Sharon Salzberg once analogized life to rowing in a row boat. We put down our head and row. We row to get to the place we want to be. Row against the current. Row despite our pain. Row until our muscles hurt. And when we finally look up we realize that despite our rowing, we are in the same place. We have forgotten to untie the boat from the dock.

We often cannot let go of the things we need to in order to get to where we want to be. Despite our best efforts, we can't shake ourselves free from things that hold us back, whether it be fear, expectation, attachment to others, or lack of confidence.  I'm trying to notice what this "rope" is that can unsuspectingly hold me back from pursuing the changes in my life that I want to pursue.
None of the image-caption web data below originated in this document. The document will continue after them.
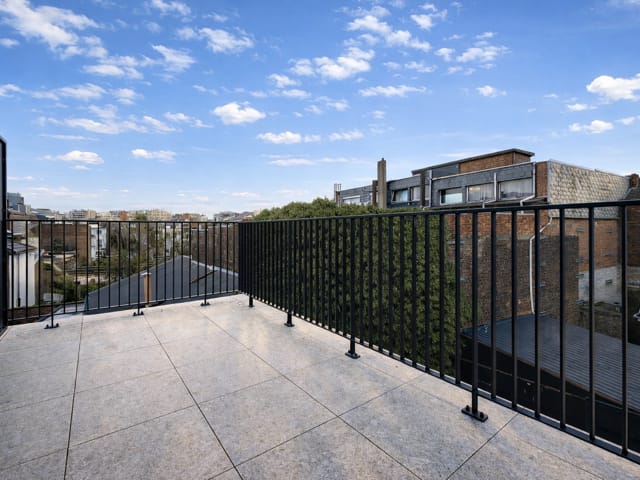 Apartamento comprável - Rue du Plan Incliné, 11-13, 4000, Liège, Belgique, 5DAVPZ - Melsia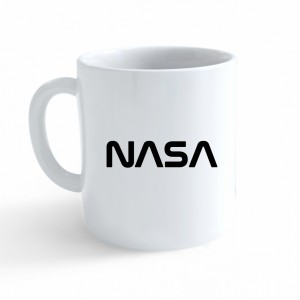 Hrnek Funny - NASA - Cena : 319,- Kč s dph 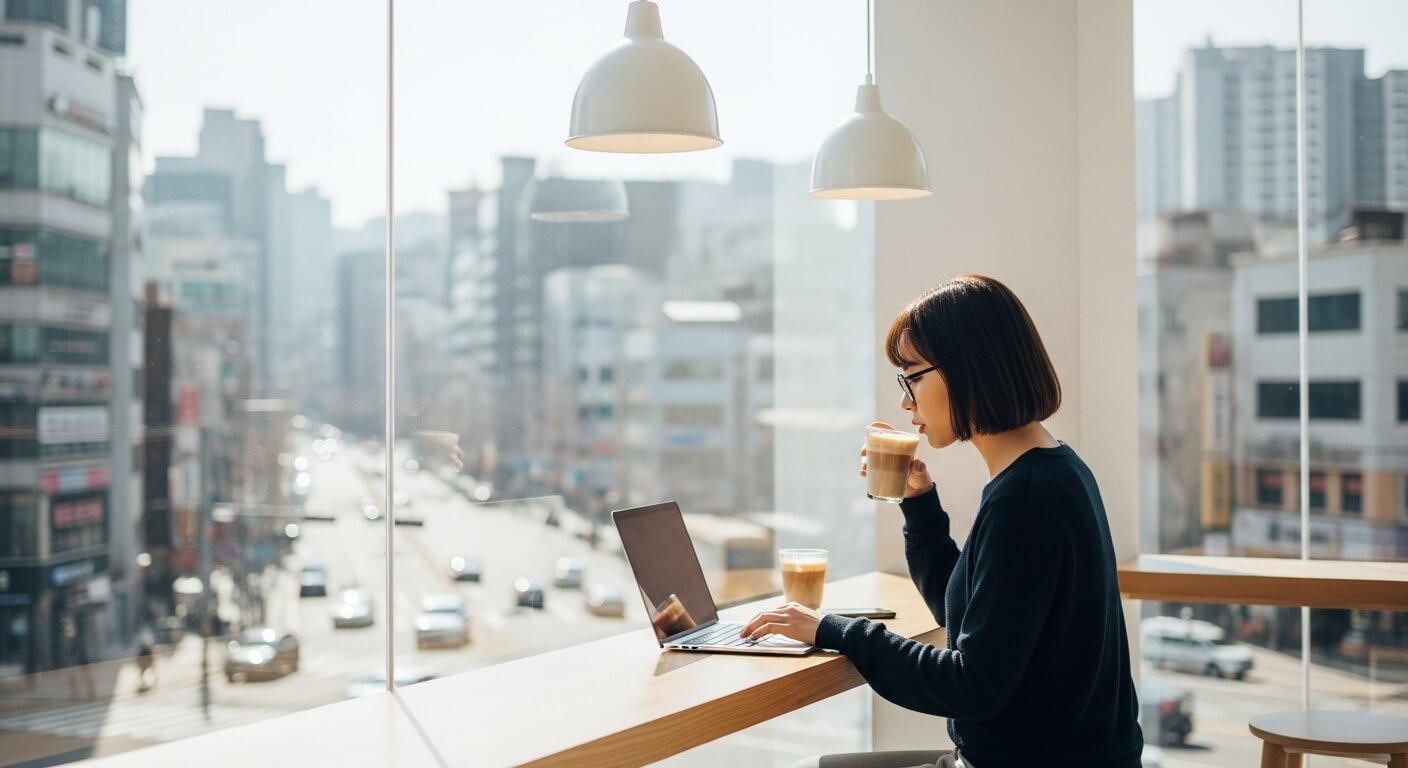 디지털노마드 뜻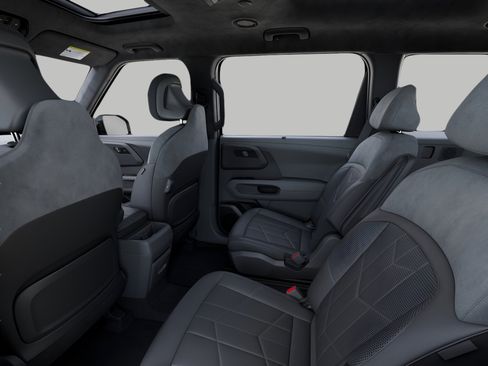 Used 2027 Kia Telluride SX Prestige X-Pro AWD/4WD image 19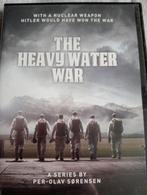 The. Heavy Water War compleet, Ophalen of Verzenden, Zo goed als nieuw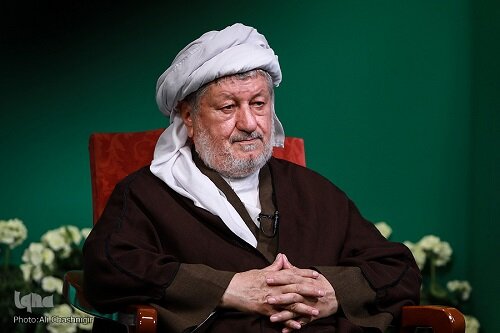 پیام تسلیت امام‌ جمعه پاوه در محکومیت تجاوز رژیم صهیونی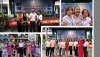 Chương trình giao lưu, tặng quà của trường THCS và THPT Nguyễn Siêu thành phố Hà Nội tại trường THPT Mường Chà tỉnh Điện Biên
But what if we go one step forward and just jump off the boat altogether?  What if we don't confine ourselves to being on a boat at all, and instead, imagine ourselves as the water on which the boat float?  What if we saw ourselves as vast, flexible, malleable, uncontainable bodies?  How would our life be different if we thought ourselves, not as body, but as an ocean--taking comfort in the sound of the waves that our breath makes-- crashing to shore on the inhale and rolling out to sea on the exhale.  Our moods mere tides that pass through the day.  Our ability to spread out expansively due to the vastness of our mind.  To flow with the storms that life may bring.  To seek the stillness of the ocean's morning's calm.   To hold people up through the supportive buoyancy of our nature.  This is my desire for this year--to embody oceanic traits.